Exercise: All that is needed is an exact copy of the lines from the beginning of the data below through the line containing "Vintage Indiana Glass", minus the pictures.

(Data entries)
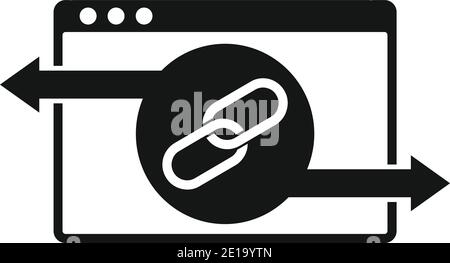 Web backlink strategy icon, simple style Stock Vector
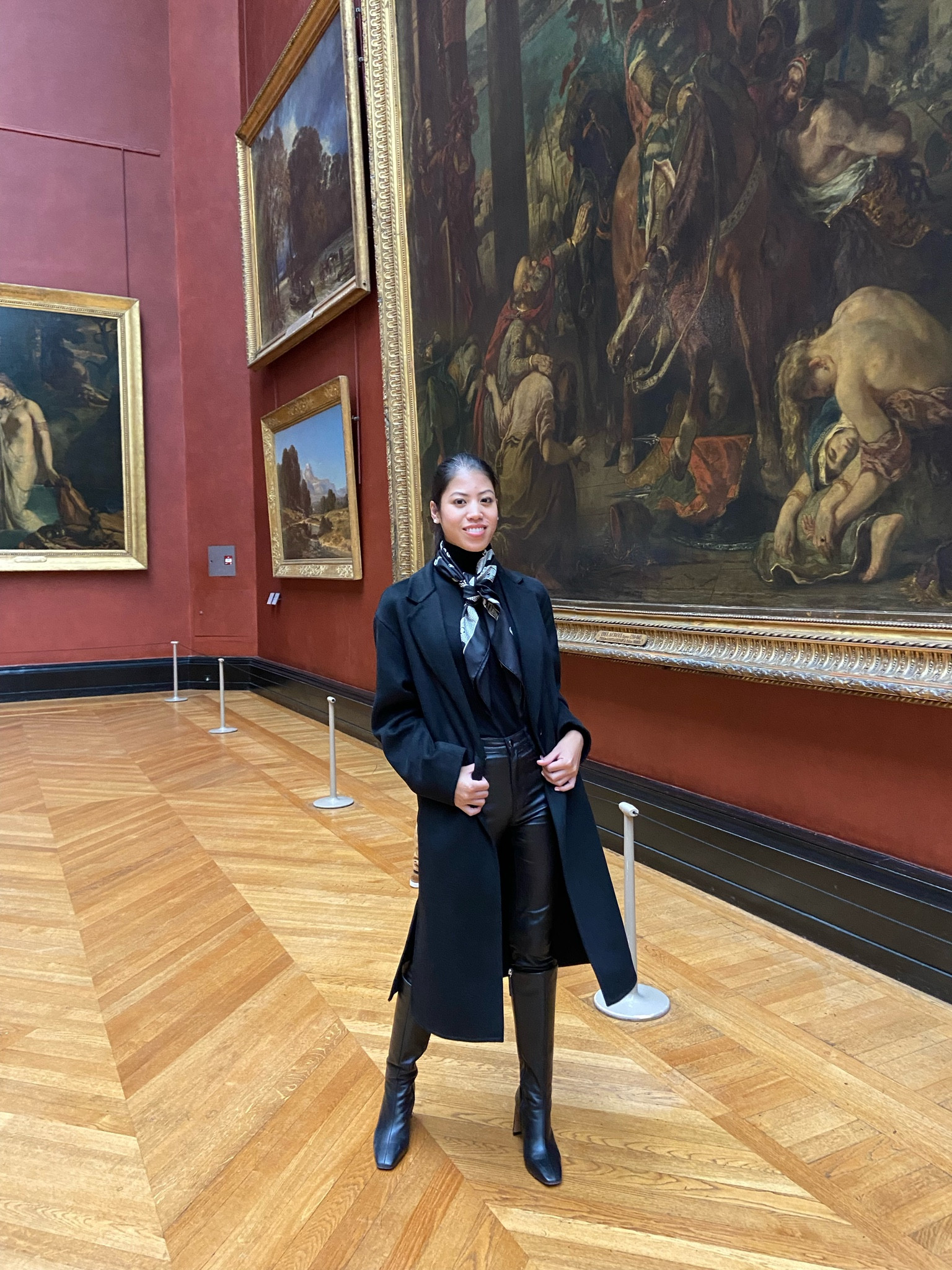 Fall style tip: when in doubt, wear black. An all-black monochrome look is sleek and sophisticated, especially great for those days where you might be a bit bloated (I sure was from all the good food in Paris!). I paired my leather leggings with a turtleneck, knee high boots, wool coat, and silk scarf to add dimension to this fall outfit 🖤

#falloutfit #fallstyle #fallfashion #leatherleggings #monochromestyle #silkscarf 

#LTKSeasonal #LTKstyletip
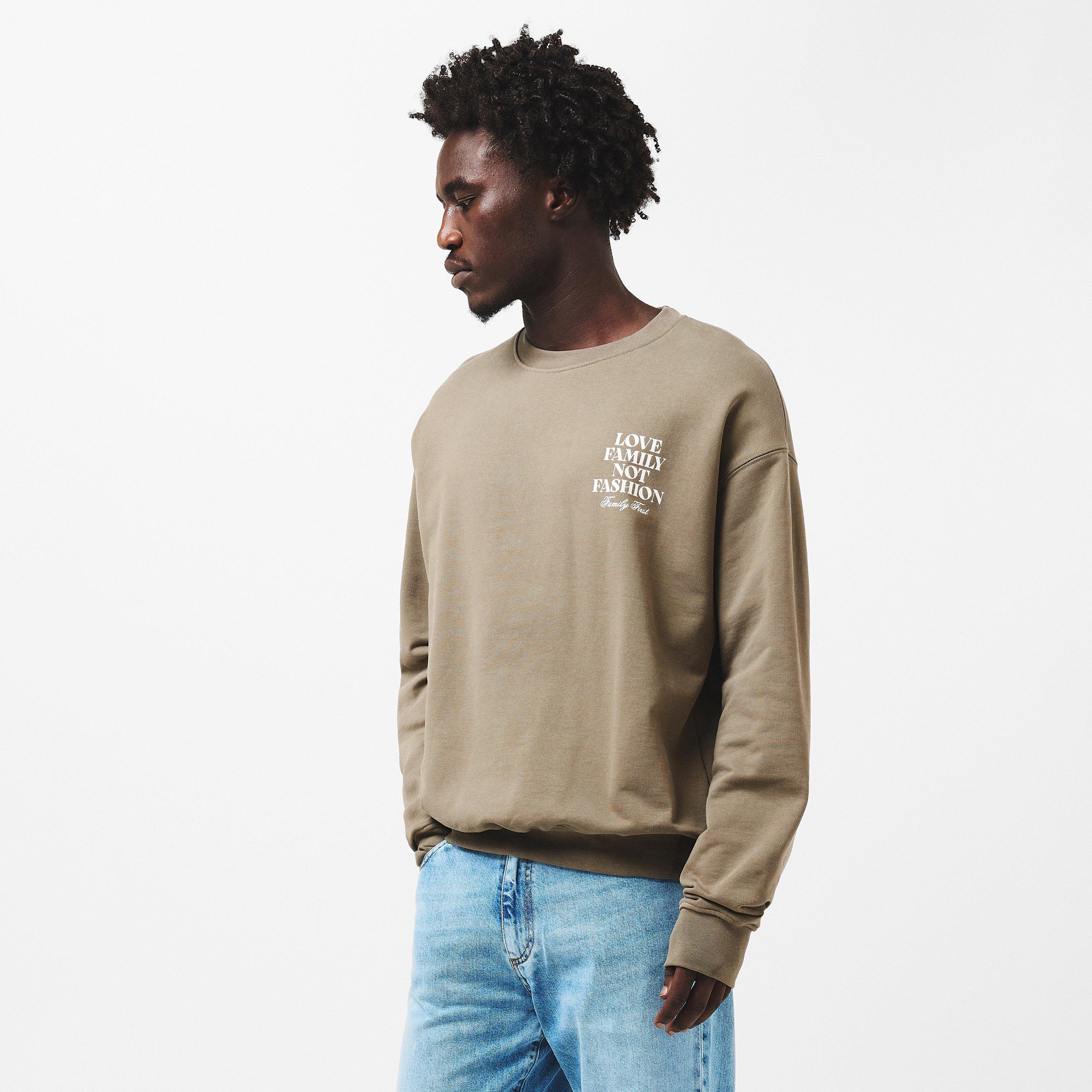 Light Green - Family First - Men's Crew Sweatshirt - 3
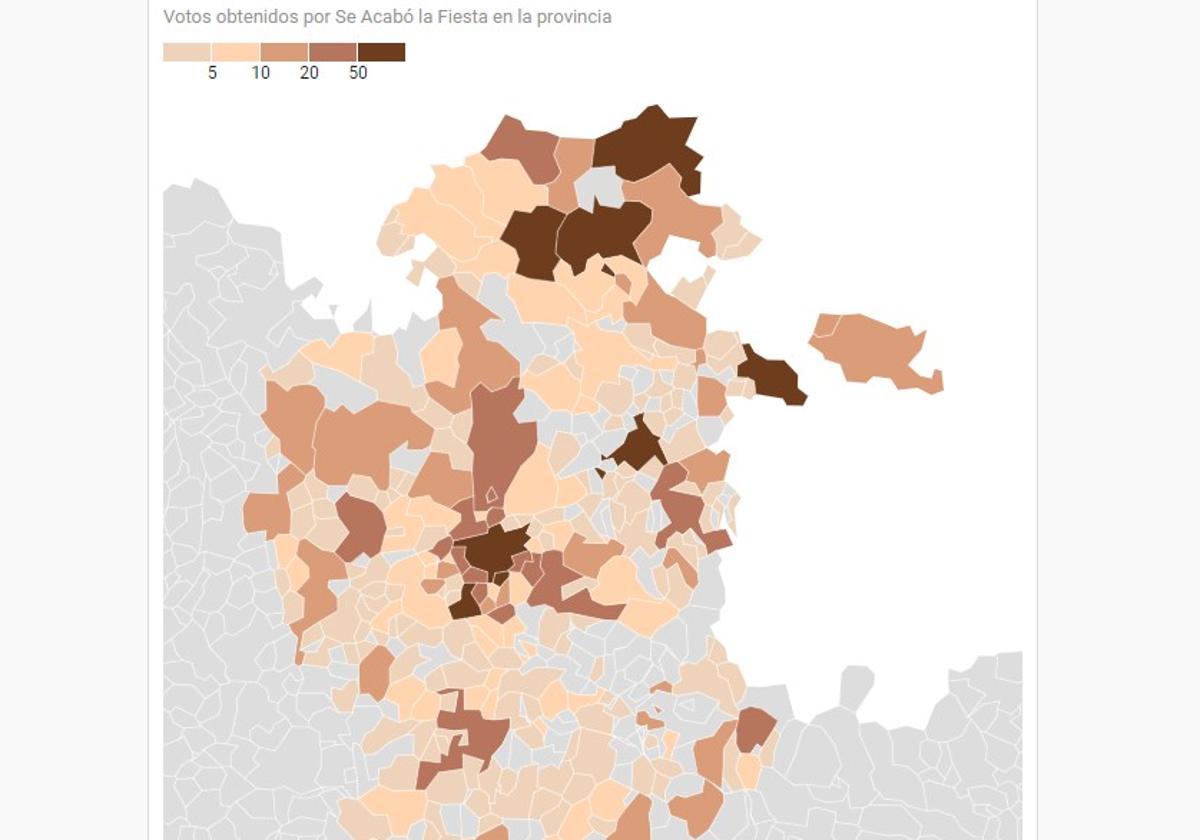 Mapa de la provincia de Burgos con el voto a SALF.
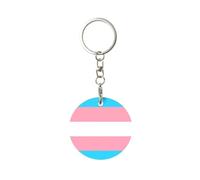 EgoMed Llavero de metal redondo, llavero de metal, llavero de coche, soporte de anillo, 1 pieza, Bandera del Orgullo Transgénero LGBT
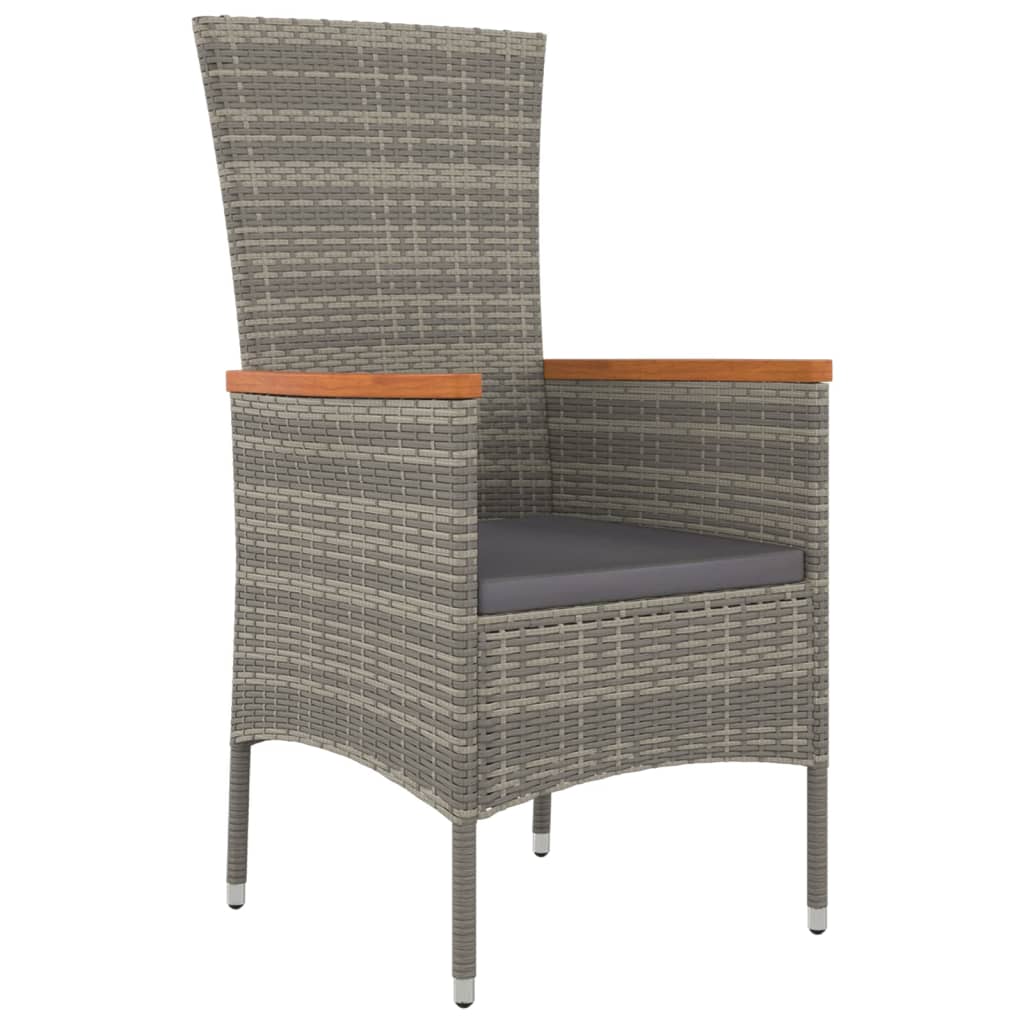 Cadeiras de jardim c/ almofadões 2 pcs vime PE cinzento
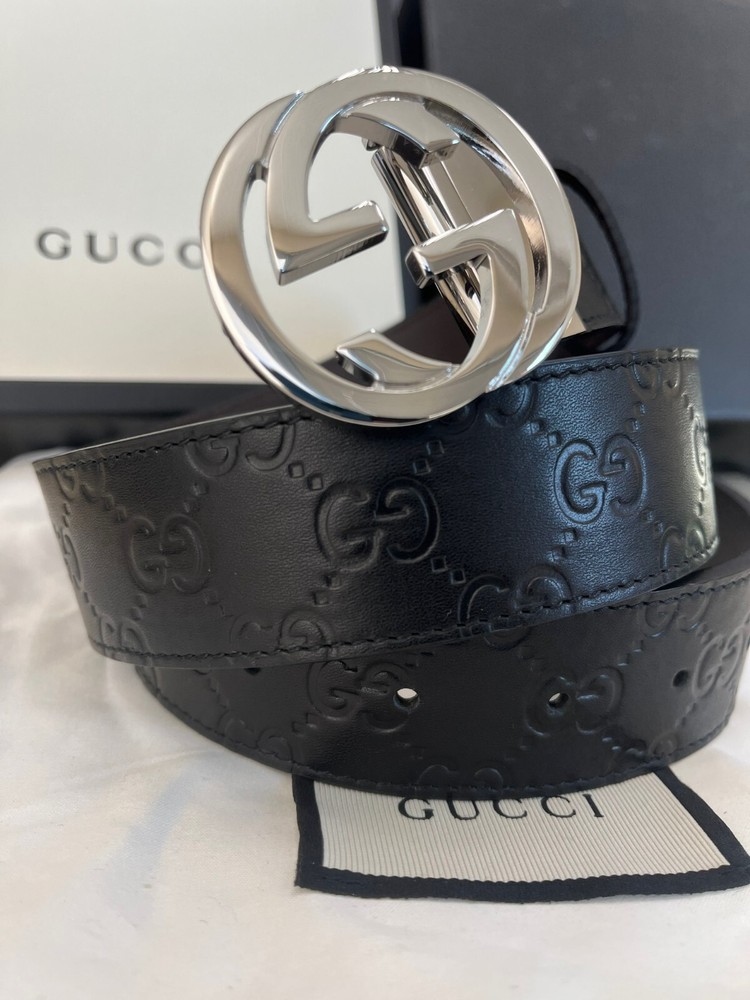Gucci GG Buckle Black Brown Leather Belt Size 80 for 26-28 Waist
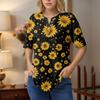Kurzarm Damen Tops Sommer T-Shirts Blumendruck V-Ausschnitt Casual Basic Tee Button Shirts Tunika Tops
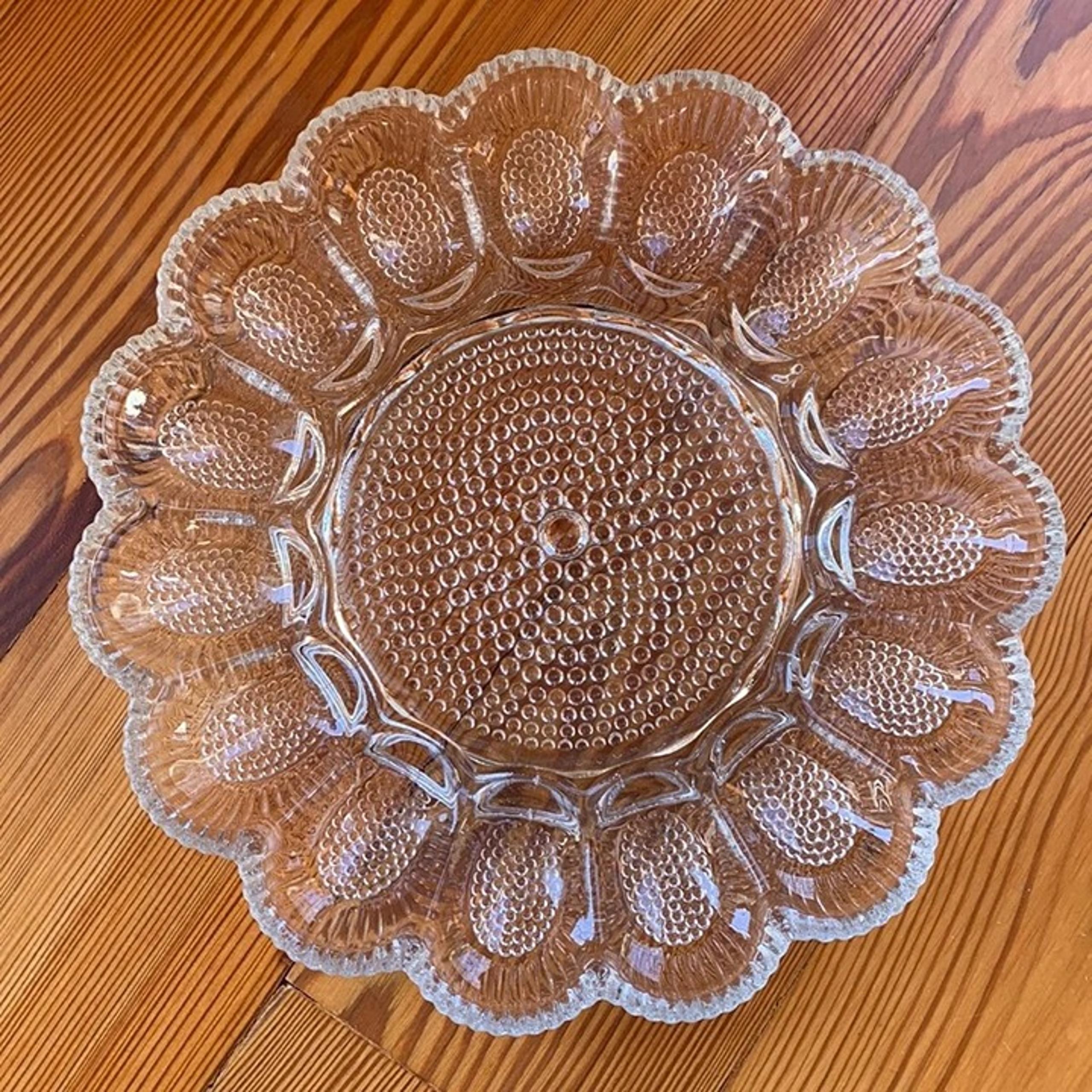 Vintage Indiana Glass Deviled Egg Serving Platter/Tray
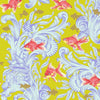 Goldfish orange yellow swimming through weeds shells treasure chests snails white purple background of mustard yellow Tula Pink Besties XLN PWTP214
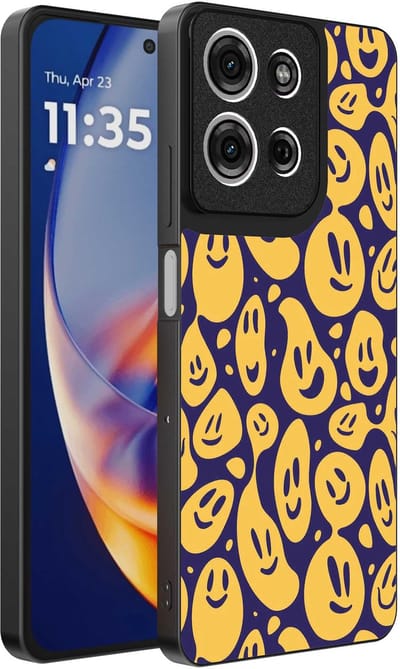 Geschikt voor Motorola Edge 50 Neo Telefoonhoesje met smiley opdruk - TPU backcover case emoji design - Paars Geel - Smartphonica geschikt voor Motorola Edge 50 Neo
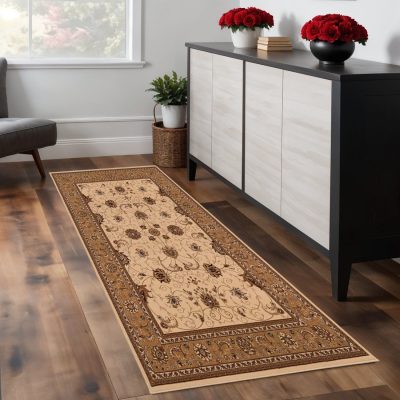 9′ Tan and Brown Oriental Runner Rug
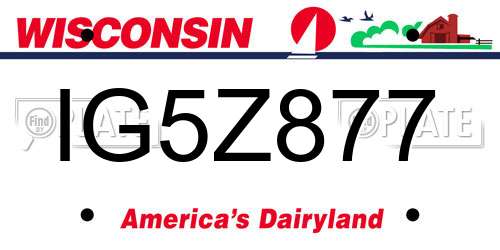 IG5Z877 Wisconsin License Plate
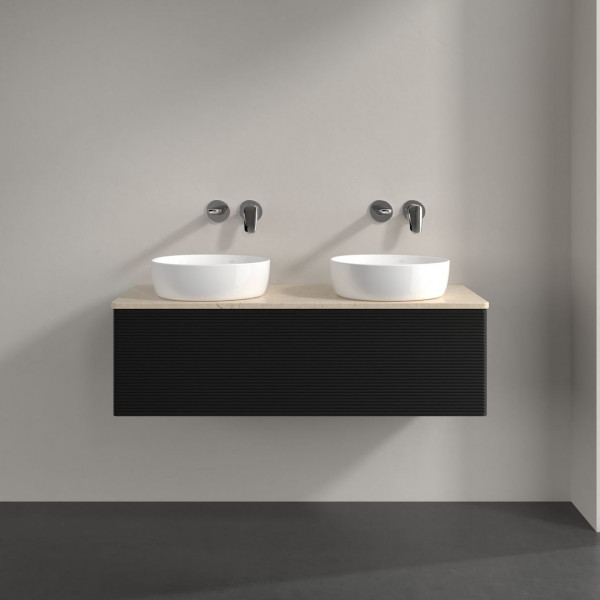 Dubbel Wastafelmeubel Villeroy en Boch Antao 1200x360x500mm Black Matt Laquered/Boticcino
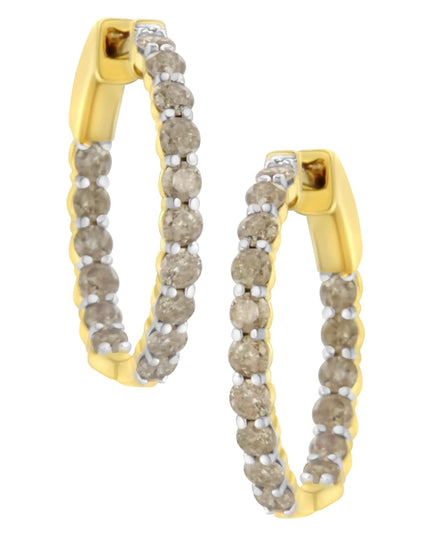 10K Yellow Gold Plated Sterling Silver Diamond Hoop Earrings (2 cttw, K-L Color, I2-I3 Clarity)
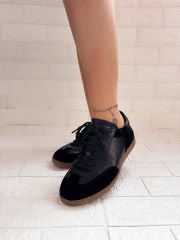 Kozzy Siyah Hakiki Deri Sneaker Ayakkabı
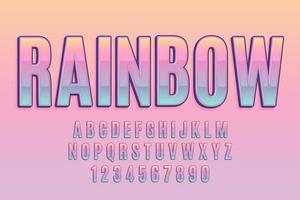 dekorative Regenbogenschrift und Alphabetvektor vektor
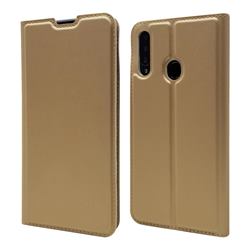 Ultra Slim Card Magnetic Automatic Suction Leather Wallet Case for Samsung Galaxy A20s - Champagne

Solution for this exercise:
 Web backlink strategy icon, simple style Stock Vector
 Fall style tip: when in doubt, wear black. An all-black monochrome look is sleek and sophisticated, especially great for those days where you might be a bit bloated (I sure was from all the good food in Paris!). I paired my leather leggings with a turtleneck, knee high boots, wool coat, and silk scarf to add dimension to this fall outfit 🖤

#falloutfit #fallstyle #fallfashion #leatherleggings #monochromestyle #silkscarf 

#LTKSeasonal #LTKstyletip
 Light Green - Family First - Men's Crew Sweatshirt - 3
 Mapa de la provincia de Burgos con el voto a SALF.
 EgoMed Llavero de metal redondo, llavero de metal, llavero de coche, soporte de anillo, 1 pieza, Bandera del Orgullo Transgénero LGBT
 Cadeiras de jardim c/ almofadões 2 pcs vime PE cinzento
Gucci GG Buckle Black Brown Leather Belt Size 80 for 26-28 Waist
Kurzarm Damen Tops Sommer T-Shirts Blumendruck V-Ausschnitt Casual Basic Tee Button Shirts Tunika Tops
 Vintage Indiana Glass Deviled Egg Serving Platter/Tray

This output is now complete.